In order to justify denying leave to amend based on futility, the proposed amendment must be clearly futile. "If a proposed amendment is not clearly futile, then denial of leave to amend is improper." The court may deny a motion to amend as futile if the proposed amendment would not withstand a motion to dismiss or otherwise fails to state a claim upon which relief may be granted. "Thus, the court must analyze a proposed amendment as if it were before the court on a motion to dismiss pursuant to Fed.R.Civ.P. 12(b)(6)."

6 Charles Alan Wright et al., Federal Practice Procedure § 1487, at 637-43 n. 23 (2d ed. 1990) (emphasis added).

Ketchum v. Cruz, 961 F.2d 916, 920 (10th Cir. 1992); Schepp v. Fremont County, 900 F.2d 1448, 1451 (10th Cir. 1990).

Sheldon v. Vermonty, 204 F.R.D. 679, 682 (D.Kan. 2001).

The court will dismiss a cause of action under Rule 12(b)(6) only when it appears beyond a doubt that the plaintiff can prove no set of facts in support of the theory of recovery that would entitle him or her to relief, or when an issue of law is dispositive. The court accepts as true all well-pleaded facts, as distinguished from conclusory allegations, and all reasonable inferences from those facts are viewed in favor of the plaintiff. The issue in resolving a motion such as this is not whether the plaintiff will ultimately prevail, but whether he is entitled to offer evidence to support the claims.

Conley v. Gibson, 355 U.S. 41, 45-46 (1957); Maher v. Durango Metals, Inc., 144 F.3d 1302, 1304 (10th Cir. 1998).

Neitzke v. Williams, 490 U.S. 319, 326 (1989).

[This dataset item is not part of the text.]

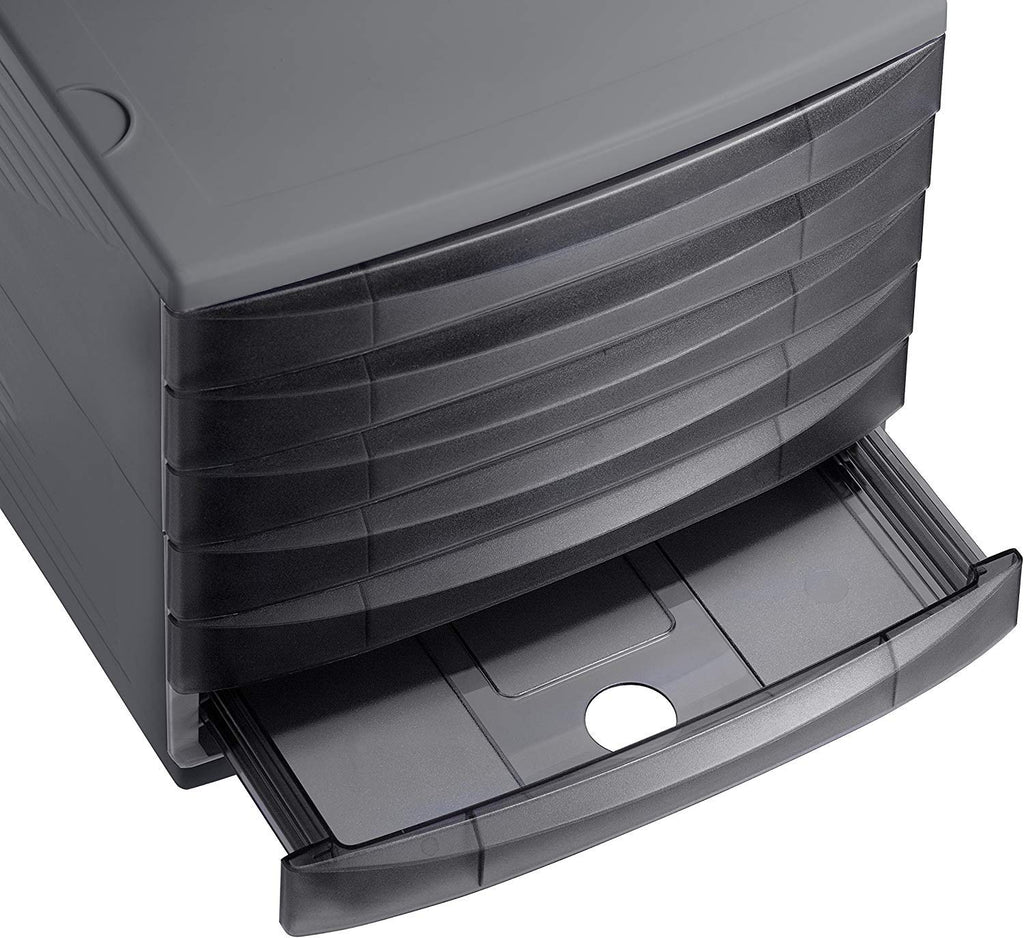 Rotho Quadra Schubladenbox / Bürobox mit 6 Schüben, Kunststoff (PS) BPA-frei, schwarz, (36.5 x 28.0 x 25.0 cm), Anthrazit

Intercon, Inc. v. Bell Atlantic Internet Solutions, Inc., 205 F.3d 1244, 1247 (10th Cir. 2000).

Scheurer v. Rhodes, 416 U.S. 232, 236 (1974), overruled on other grounds, Davis v. Scheurer, 468 U.S. 183 (1984).

The City defendants and the State defendants argue that the proposed amendment adding a conspiracy claim against the State defendants (Count XXXVII) would be futile since plaintiff's conclusory allegations of conspiracy are insufficient to state a claim under 42 U.S.C. § 1983. The State defendants also argue that this proposed amendment would be futile since a claim that the Attorney General defendants conspired with one another is barred by the intracorporate conspiracy doctrine.

Allegations of conspiracy may form the basis of a § 1983 claim. However, a plaintiff must allege specific facts showing an agreement and concerted action among the defendants. "Conclusory allegations of conspiracy are insufficient to state a valid § 1983 claim."

Tonkovich v. Kan. Bd. Of Regents, 159 F.3d 504, 533 (10th Cir. 1998) citing Hunt v. Bennett, 17 F.3d 1263, 1266 (10th Cir. 1994).

Id.

Id. (quotation omitted).

Plaintiff makes only conclusory allegations of a conspiracy among the Attorney General defendants. There are no allegations or evidence, circumstantial or otherwise, indicating that there was any agreement among these defendants. Thus, the court finds that it would be futile to allow plaintiff's proposed amendment which asserts a conspiracy claim against the Attorney General defendants (Count XXXVII). In making such ruling, the court finds it unnecessary to address the State defendants' second argument regarding the futility of this claim.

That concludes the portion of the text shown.